Consultant Standard & Poor’s Ratings Services revealed yesterday its economic growth expectations for this year in asia Pacific, predicting now a deterioration of GDP growth compared to earlier forecasts. In a report titled “Asia-Pacific Could Be Entering A Steady State Of Slower Growth,” S&P said weaker global trade and the burst of a speculative real estate bubble in China would weight down on growth perspectives. This week, stock exchanges and currencies across Asia stumbled due to growing concerns about China’s economic slowdown.
According to S&P, overall GDP in Asia Pacific may expand by only 5.5 percent in 2015, instead of earlier forecasts of 5.6 percent. “While Asia Pacific remains the highest growth region globally, the outlook continues to be subdued. The effects of the two largest economies- USA and China- in the world are, each in their own way, weighing down activity,” highlights the report.
USA subdued growth in imports affect particularly South Korea and Taiwan. China property market’s burst is hitting also GDP growth in Hong Kong, Australia, Taiwan, South Korea, Singapore and Malaysia.

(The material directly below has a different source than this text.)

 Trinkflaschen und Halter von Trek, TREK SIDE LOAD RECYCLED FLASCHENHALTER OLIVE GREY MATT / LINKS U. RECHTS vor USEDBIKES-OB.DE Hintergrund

Growth is still forecast for the four largest economies of ASEAN according to S&P- Indonesia, Malaysia, the Philippines and Thailand. The four large economies are now due to grow by 5% on average this year. Slow growth is expected for Thailand (3.4%) and Malaysia (4.6%) while Indonesia and the Philippines are projected to grow respectively by 5.4% and 6%. Singapore’s economy would grow around 2.5% this year.
The slowdown could then affect travel patterns within Asia with more people taking a more careful approach to travel abroad. Already travels out of Indonesia is down since the beginning of the year while it remains stagnant in Malaysia. Earlier this year WTTC predicted a growth of spending for Malaysian travellers by only 1%.